2009-09-12 Thread P64

Exactly!

I was hoping this update ( 
http://code.google.com/p/datanucleus-appengine/issues/detail?id=7
) would seriously improve bulk inserts. As it seems in practice you
can now do roughly 2-3 times as many inserts in the same ammount of
real and CPU time.

However this is still poor compared to what we're used to with
relational databases on a relatively poor hardware.

At the moment I can do a batch input of up to 300 entities (with a
couple of Integer and String properties) in a 30 second time window
and it costs me around 18 seconds of CPU time.

I have a roughly 1.5MB file which I have to download, parse it's
15.000 lines and insert them in database. I need no transactions in
this case, all entities can be standalone, I don't mine the order in
which they are written, could be parallel aswell as fas as I am
concerned. As it seems now, I have to download this file, slice it in
chunks of 300 lines, store each chunk in a database.

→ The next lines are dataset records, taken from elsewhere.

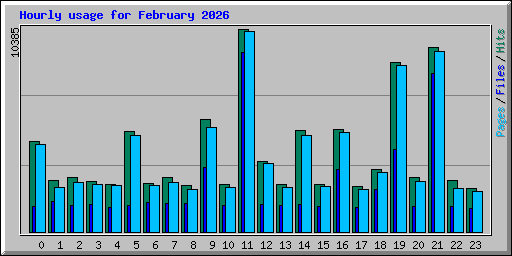 Hourly usage for February 2026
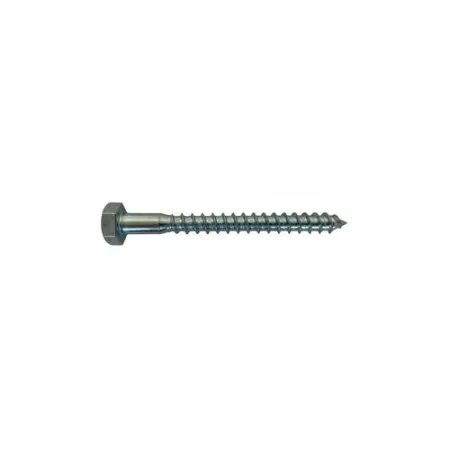 VITE MORDENTE Zn DIN 571 10 x  60 CE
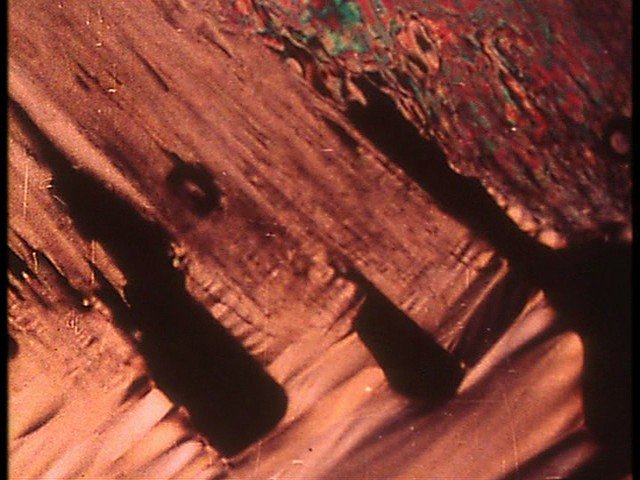 Screen capture from Science Is Fiction: 23 Films by Jean Painlevé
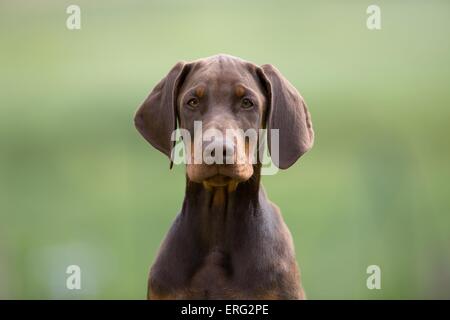 junger Dobermann Pinscher Stockfoto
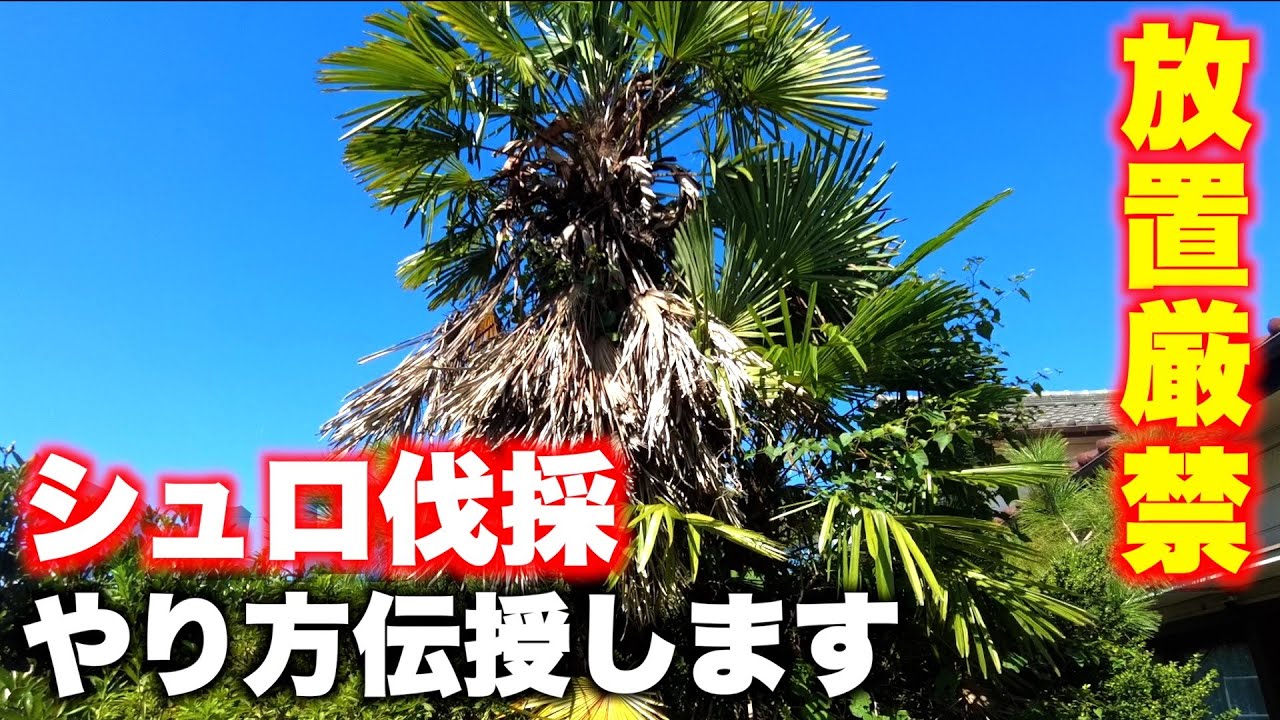【シュロ伐採】分かりやすく説明します！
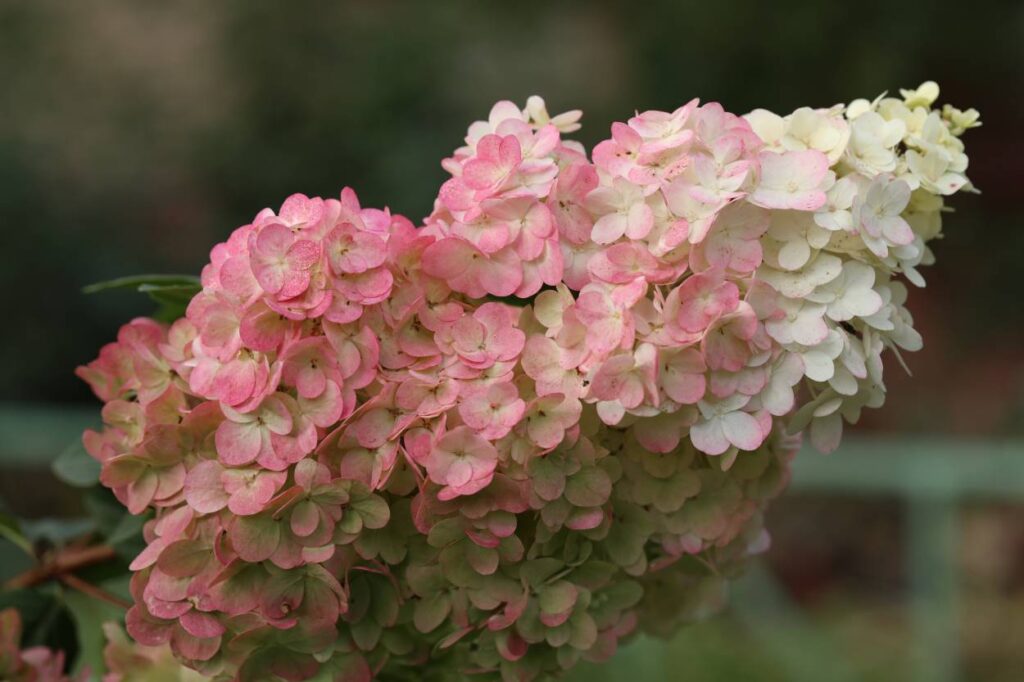 hydrangea paniculata vanille fraise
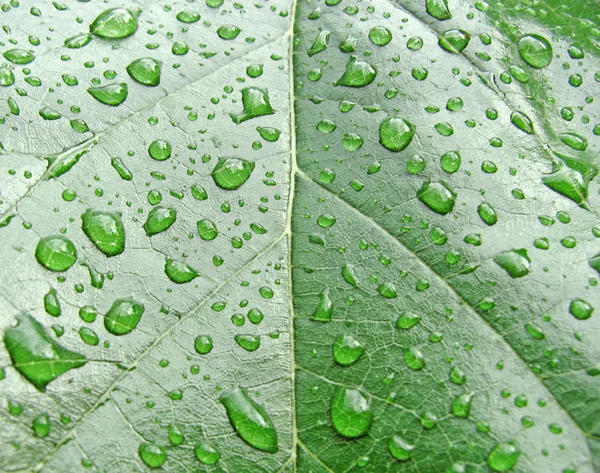 雨滴の葉 — ストック写真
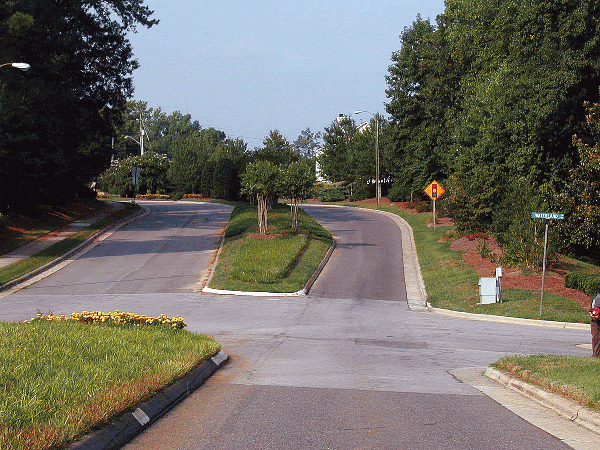 A road divided by a median with plants and trees.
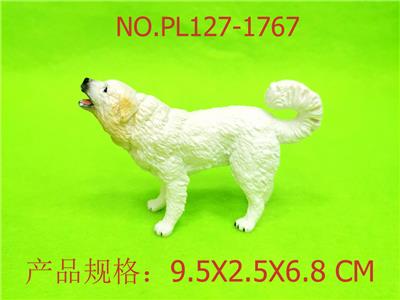 大白熊犬（白色） - OBL949938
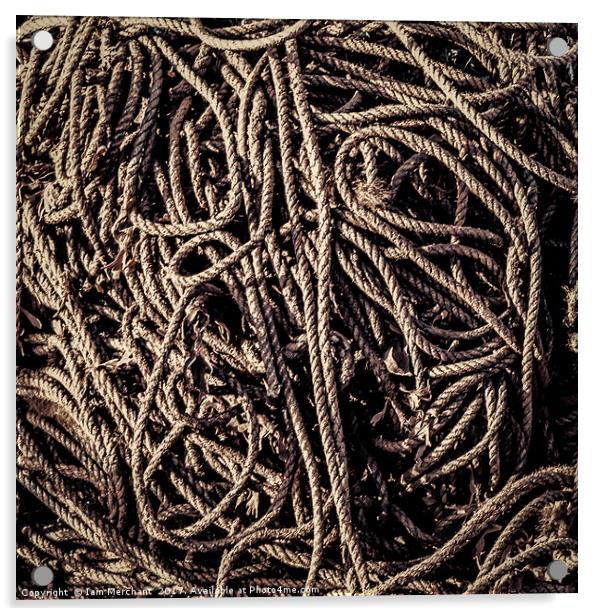 Rope Tangle Abstract Acrylic by Iain Merchant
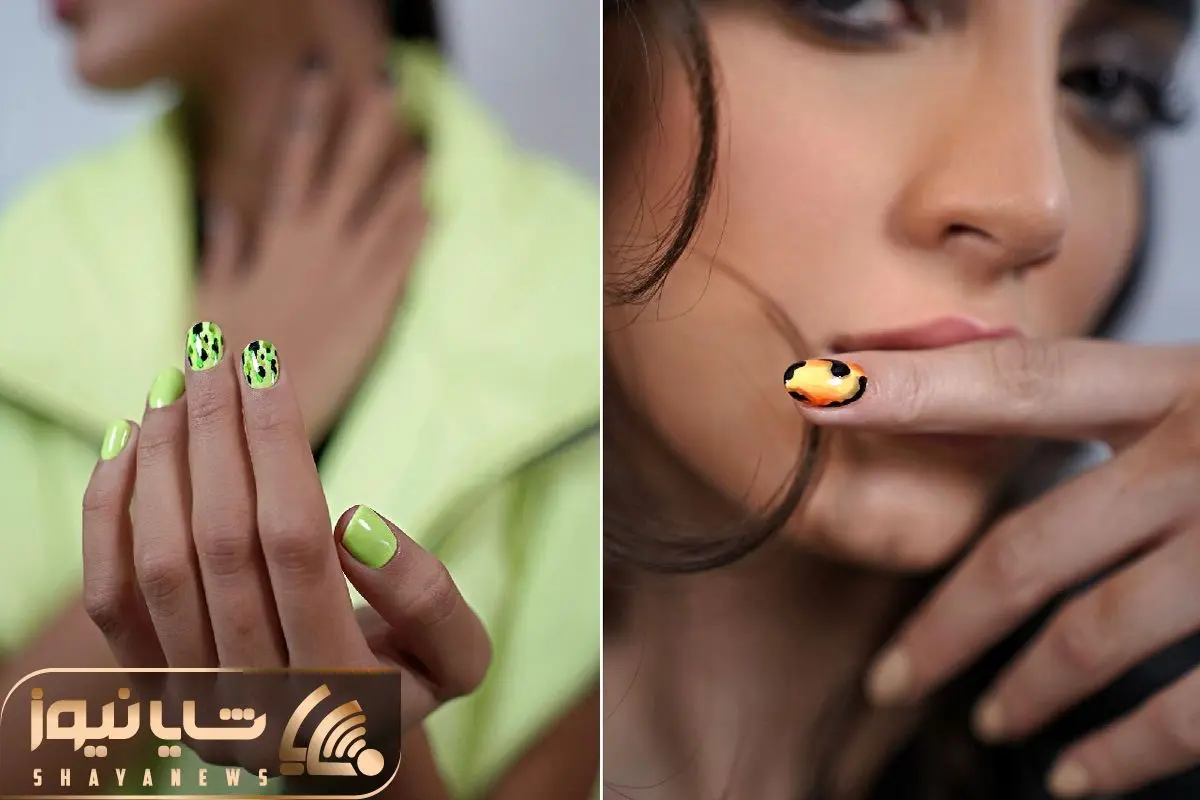 عکس کاشت ژلی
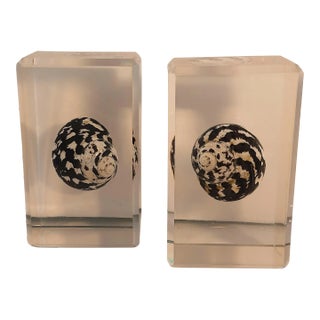 Lucite Acrlic Blocks Floating Shell Bookends Seashell For Sale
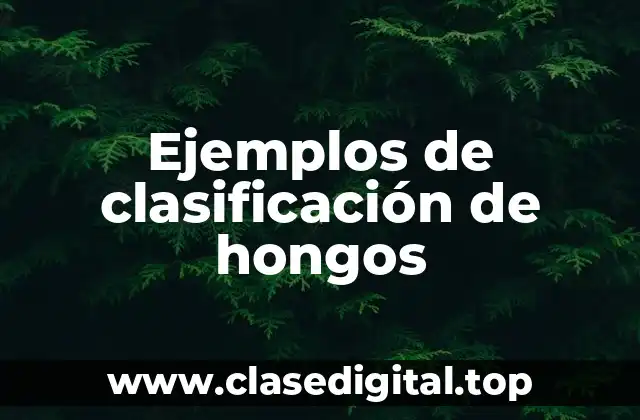 Ejemplos de clasificación de hongos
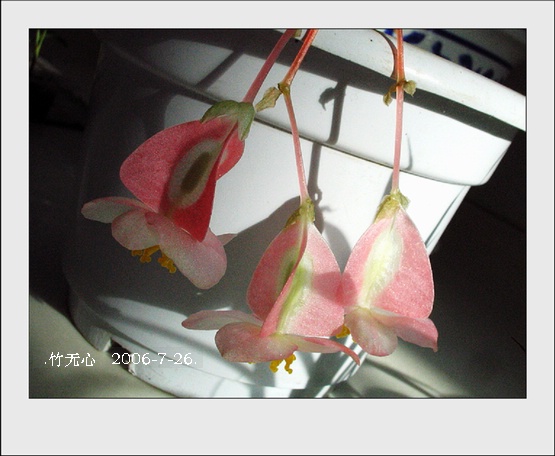 ���ȵ���������..P18,�¼���~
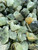 Raw Prehnite Stone with Epidote Inclusions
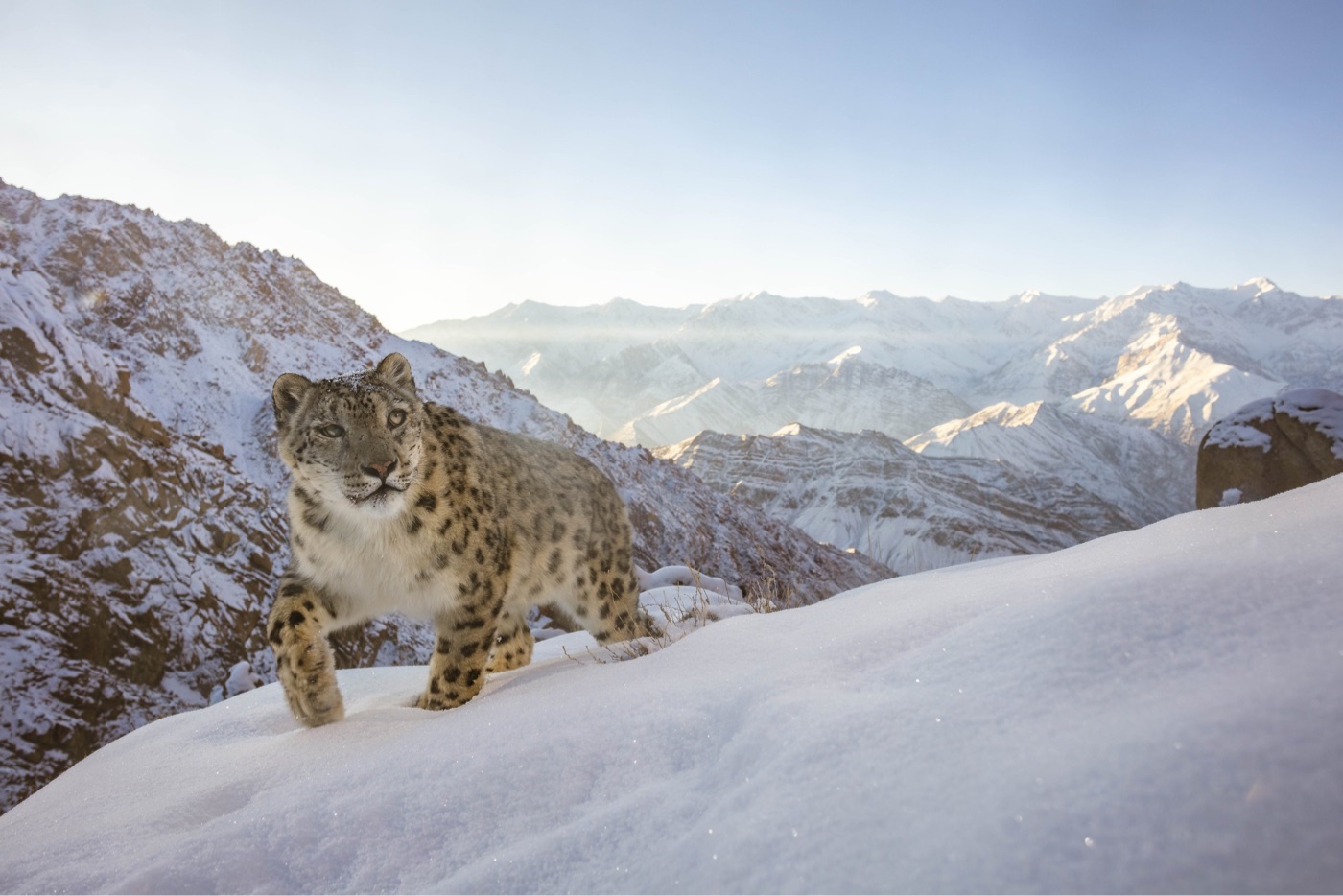 a snow leopard walks on a snowy mountaintop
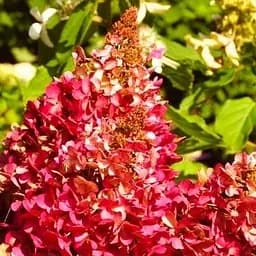 Саженец Agro-Market Гортензия метельчатая 2-х летняя Wim's Red высота саженца 25-45см (62117)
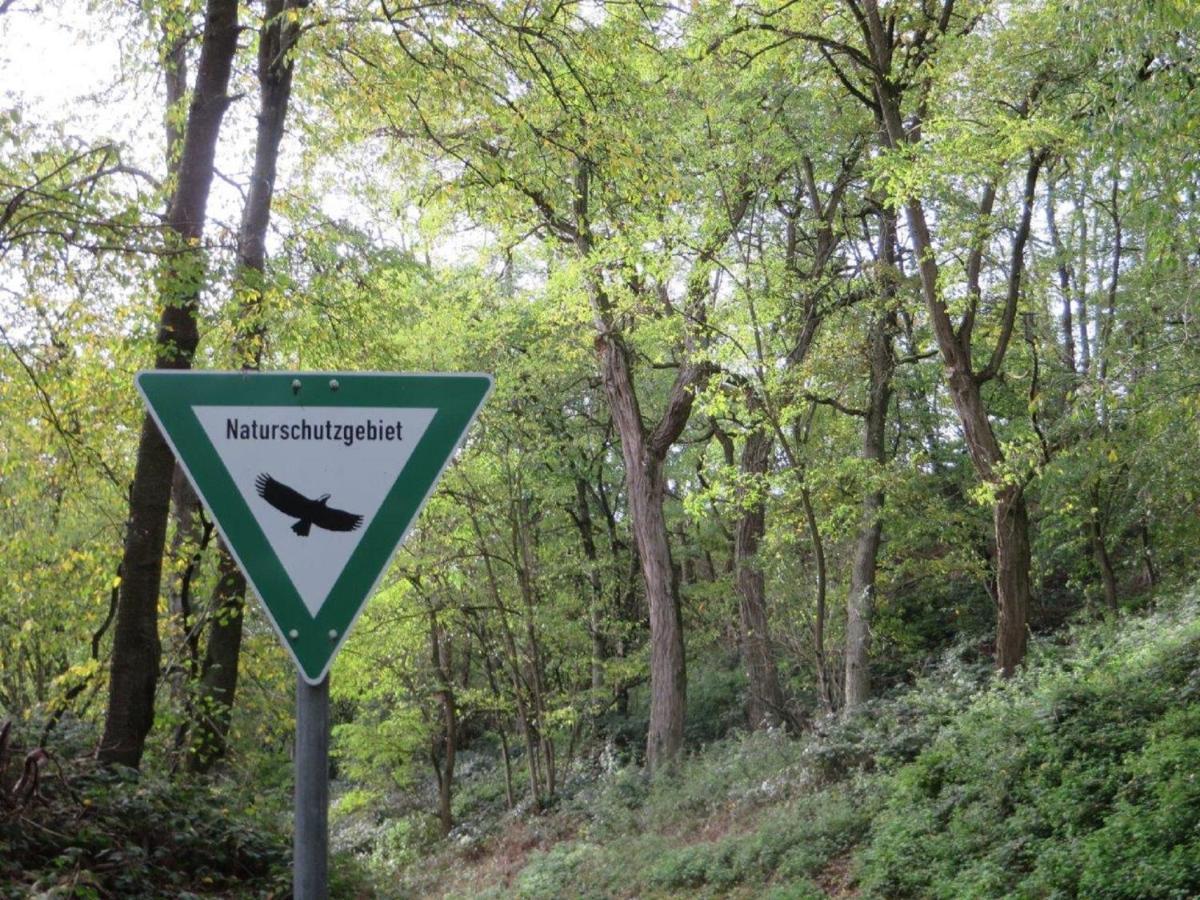 Ferienwohnung Familie Buchner Großheubach Esterno foto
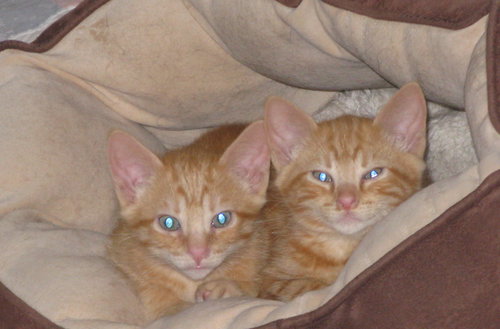 Fritz and Hans
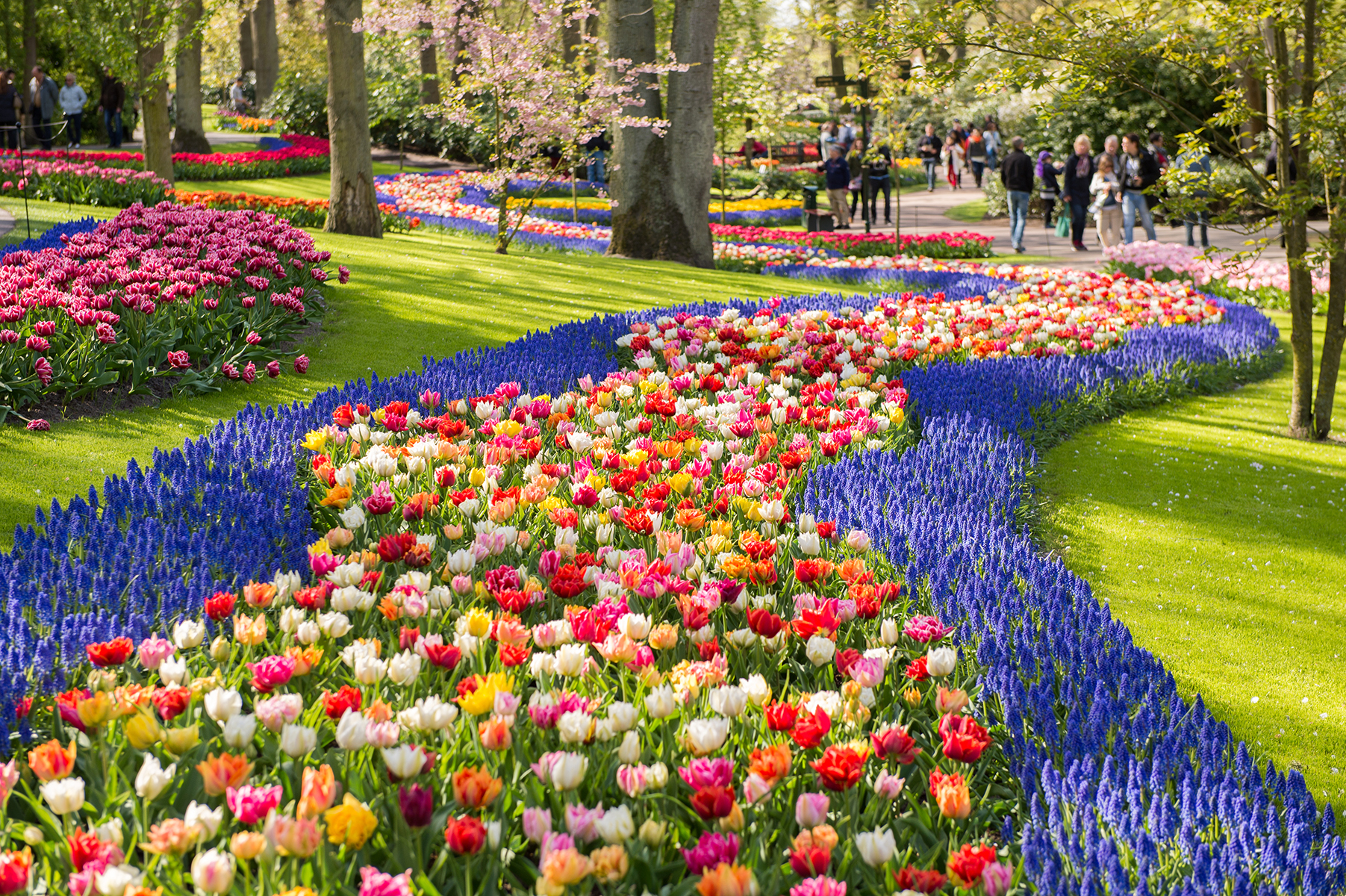 Flower garden in Keukenhof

Than I need to
put 50 tasks in a queue, each taking 30 seconds to read a chunk from
database, parse it in 300 seperate entities and store as such.

Just database writes to do that would cost me well over 15 CPU
minutes, not to mention the overhead caused by all the task spawning
and so on.

All that for an operation which litteraly takes seconds on my old box
running relational DB, which I use for testing purposes.

It's to complicated and it uses way to many resources to update 1000+
entities - and there are lots of applications that need to update data
from different sources (XML, SQL dumps, ...) on a daily basis.

On 12 sep., 02:30, Larry Cable larry.ca...@gmail.com wrote:
 So now, I am hitting Datastore timeouts and Request timeouts ...

 I really really think you guys need to add a mechanism that allows
 developers to simply do bulk uploads of data into their GAE
 applications (from Java thank you).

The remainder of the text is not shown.